▶ [Problem to work on] Retype, word for word, the line holding "Sobre 120mmx176mm Marca" and each line after it down to the end of the data; pictures are not copied.

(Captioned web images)
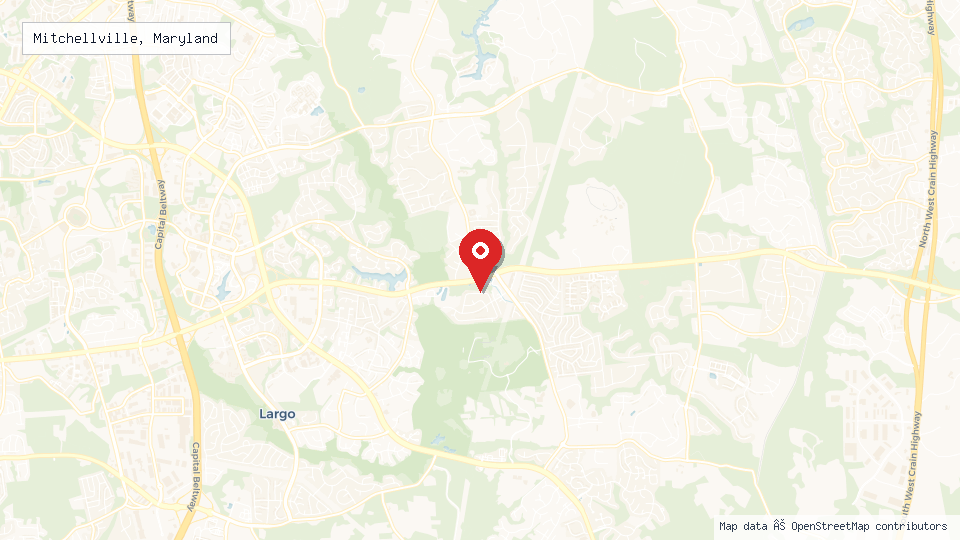 Street map of Mitchellville, Maryland with location pin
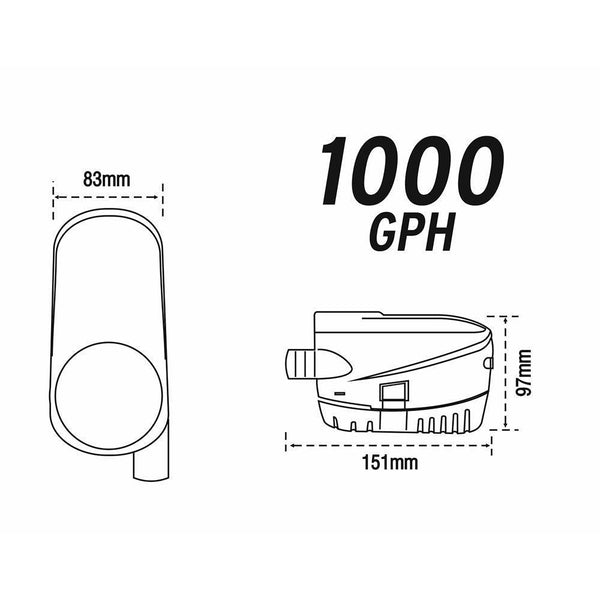 Submersible Bilge Pump 12 V DC, approx. 3,785 L/h (1,000 GPH) | 4Boats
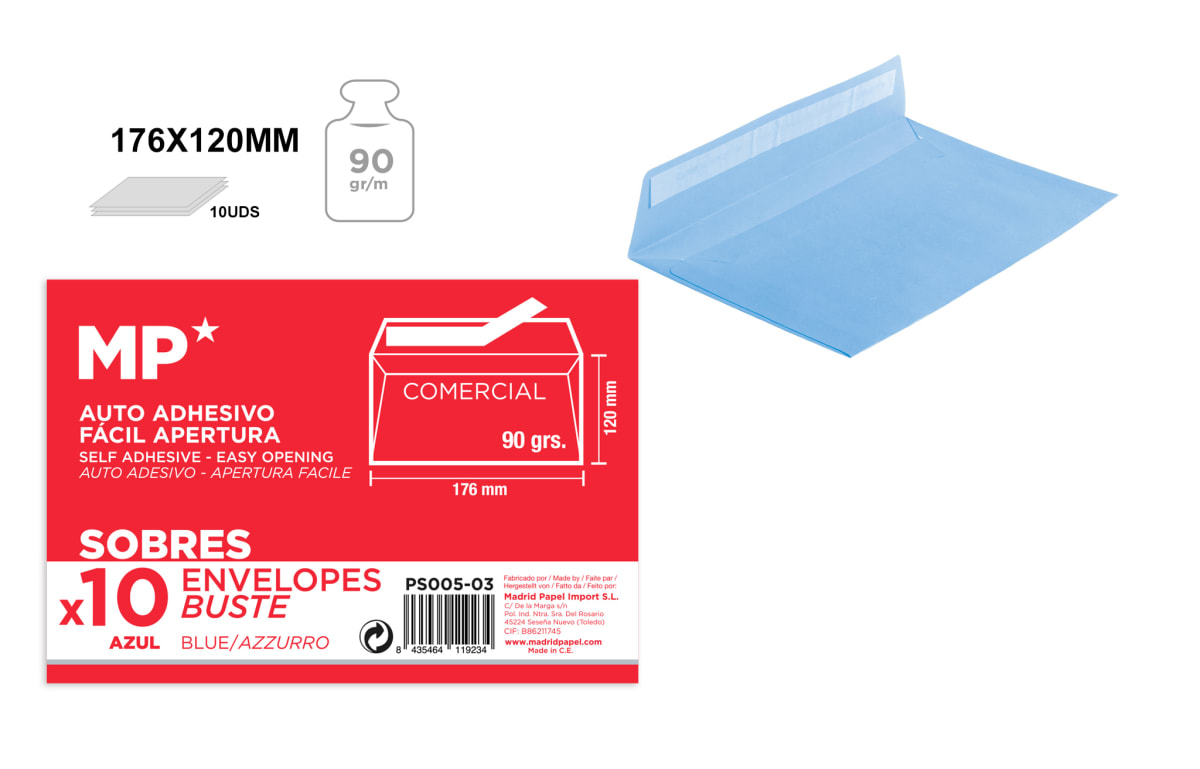 Sobre 120mmx176mm Marca Madrid Papel Color Azul (MP)1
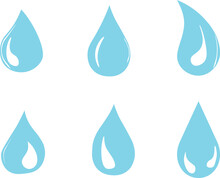 Water Blue Drop Icons Set, SVG Vector
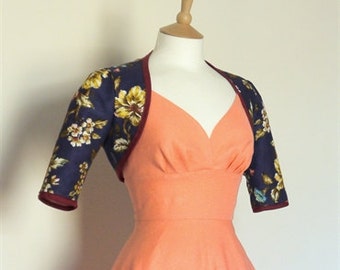 Dark Blue Wild Rose Print Bolero Jacket - Made by Dig For Victory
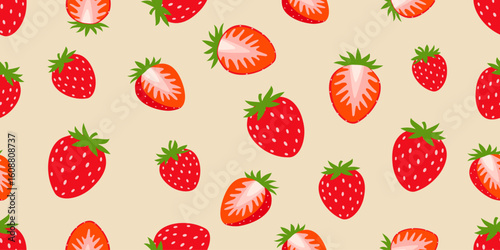 Red strawberries and slice seamless pattern, fresh strawberry pattern on  light yellow background. Cute vector illustration background  design for wallpaper, web pages, textures, textiles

▶ [Answer]
 Sobre 120mmx176mm Marca Madrid Papel Color Azul (MP)1
 Water Blue Drop Icons Set, SVG Vector
 Dark Blue Wild Rose Print Bolero Jacket - Made by Dig For Victory
 Red strawberries and slice seamless pattern, fresh strawberry pattern on  light yellow background. Cute vector illustration background  design for wallpaper, web pages, textures, textiles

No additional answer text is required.